All of this didn't exist when we made our initial modeling decisions around supporting data representation. We should revisit this decision, and consider alternatives that may be more appropriate/relevant and now feasible to implement in the current landscape.

mbrush commented 1 year ago

As of now, we have yet to implement more than a handful of specific supporting data properties in Biolink. The list below mainly reflects those created in response to specific KP requests:

General/test properties we implemented long ago

Slots created specifically for the COHD use case

Slots created specifically for the TMKP use case

But I think many KPs are still using bespoke / non-Biolink properties as Attribute keys, and/or using more general Biolink edge properties like has evidence, or has numeric value, and then indicating the value type elsewhere.

In the short term (for the September release) – should we go ahead and create dedicated data-type specific edge properties in Biolink? If so, how do we decide what properties to create . . . the spreadsheet linked in the comment above is likely way out of date.
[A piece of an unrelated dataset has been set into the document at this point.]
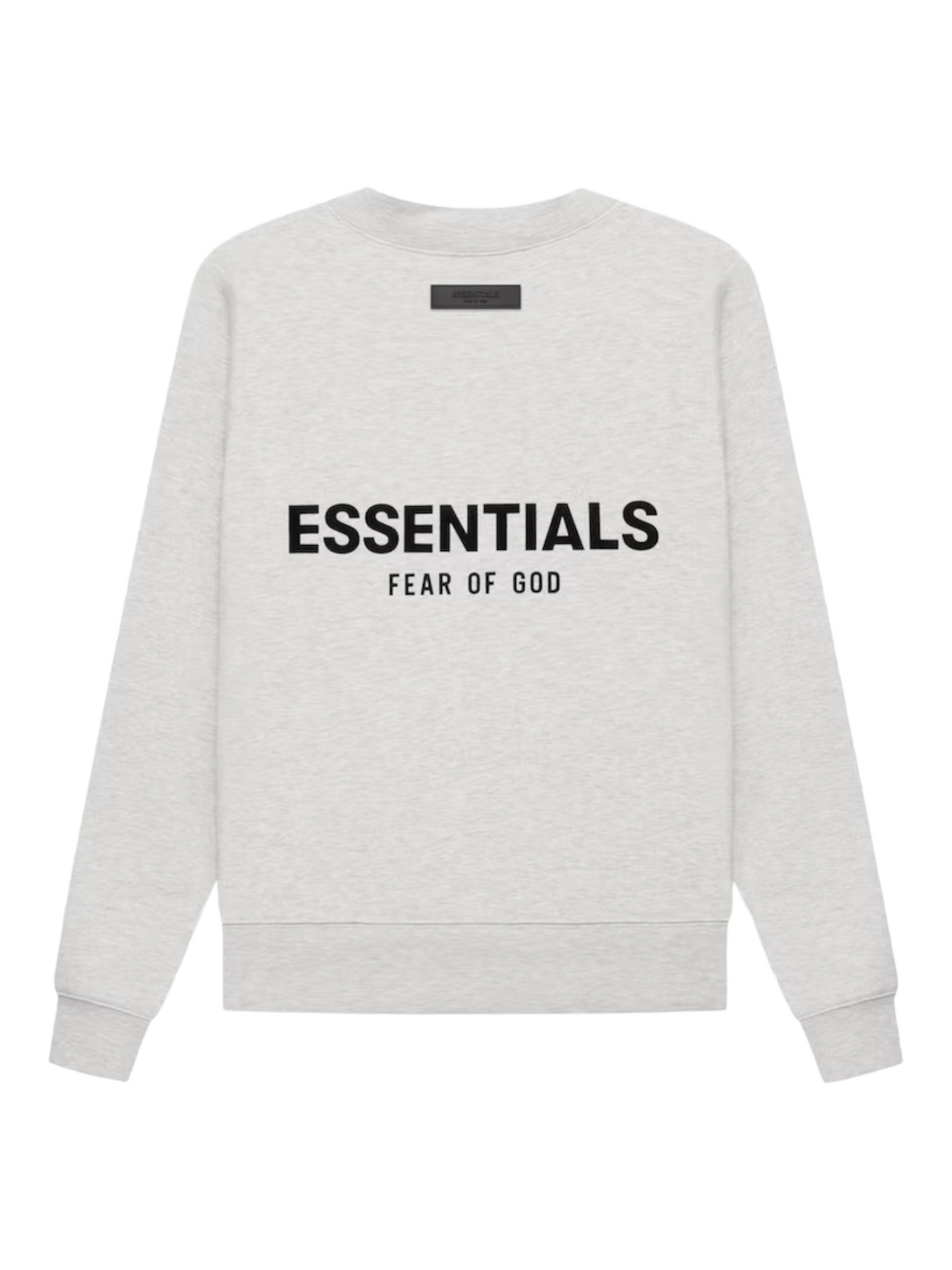Essentials Fear of God Light Heather Oatmeal Crewneck Sweatshirt SS22 - Genuine Design Luxury Consignment Calgary, Canada New & Pre-Owned Authentic Clothing, Shoes, Accessories.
Can we get a new set of KP requests?

A few open questions re defining these properties:

mbrush commented 1 year ago

If we want to continue down the 'one edge property per data type' approach - we need to catalog and create these edge properties, give them clear definitions, and provide examples/documentation that is accessible to users from the UI - so it is clear how a data value hanging form an Edge relates to the knowledge expressed in the Edge.
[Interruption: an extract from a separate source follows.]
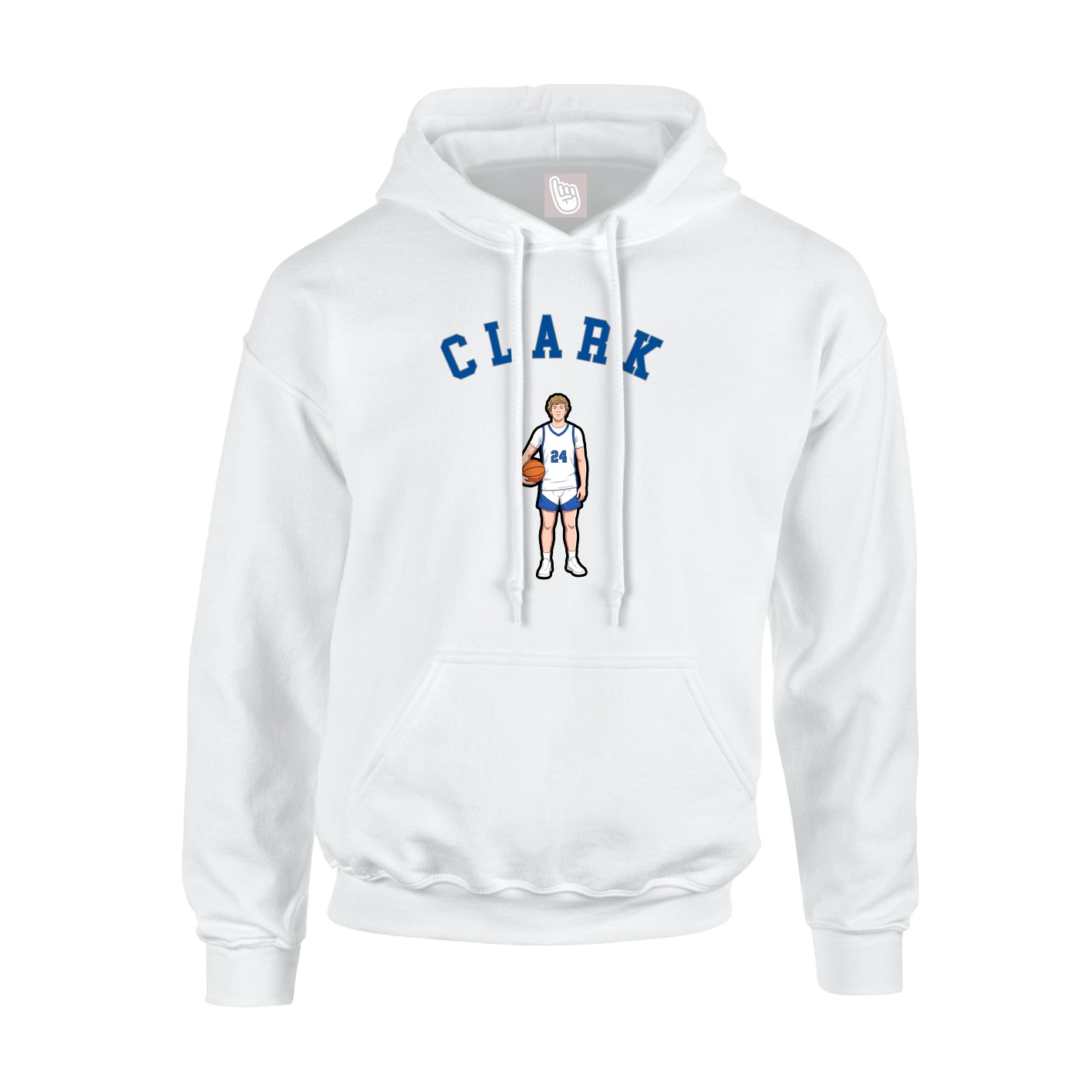 Hoodie — Shirsey Arch in White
However, IMO we should consider if we want to explore a different paradigm that do not require creation of potentially hundreds of datatype-specific edge properties in the Biolink Model. e.g.:

  1. Leverage the nesting capability of Attributes so that information about the data type and/or its utility/interpretation int he context of an edge can be nested below the data value.
  2. Consider leveraging the SupportingStudy modeling pattern that has been applied to capture supporting data for COHD and TMKP edges, in all cases where we want to report supporting data values. This pattern provide leverages Attribute nesting to create a structure that contextualizes the data values .
  3. Extend the existing Attribute schema with additional field(s) that can capture the data type and/or its utility/interpretation int he context of an edge can be nested below the data value.
  4. Defining a new structure/object dedicated to representing supporting data (similarly to the dedicated structures we have created for Qualifiers and Retrieval Sources, to replace the use of Attributes for this metadata).